As the answer, give exactly the lines of the records below from the one with "Vintage Hawaiian Button Up - Picture 7 of 7" through the one with "Gebruikte ABS Pomp", ends included and pictures left out.

Data:
BEGIN
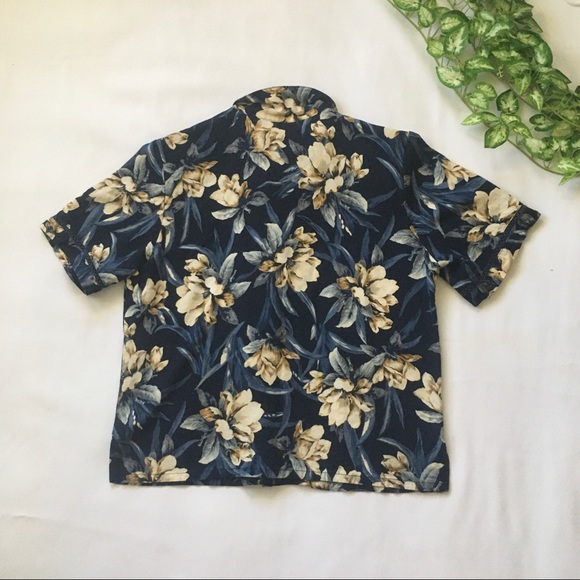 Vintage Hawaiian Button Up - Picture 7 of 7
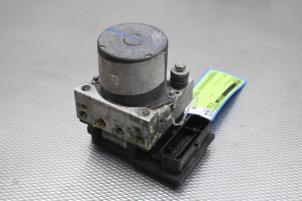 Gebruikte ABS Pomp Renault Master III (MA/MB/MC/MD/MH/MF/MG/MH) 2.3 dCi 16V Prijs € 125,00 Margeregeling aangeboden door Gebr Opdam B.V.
END
BEGIN
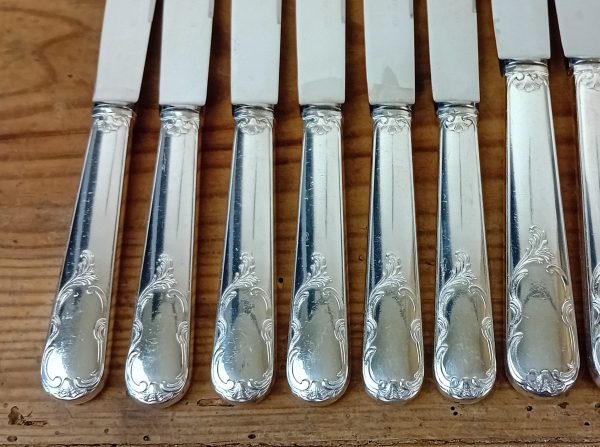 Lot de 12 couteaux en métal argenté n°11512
END
Exercise response:
 Vintage Hawaiian Button Up - Picture 7 of 7
 Gebruikte ABS Pomp Renault Master III (MA/MB/MC/MD/MH/MF/MG/MH) 2.3 dCi 16V Prijs € 125,00 Margeregeling aangeboden door Gebr Opdam B.V.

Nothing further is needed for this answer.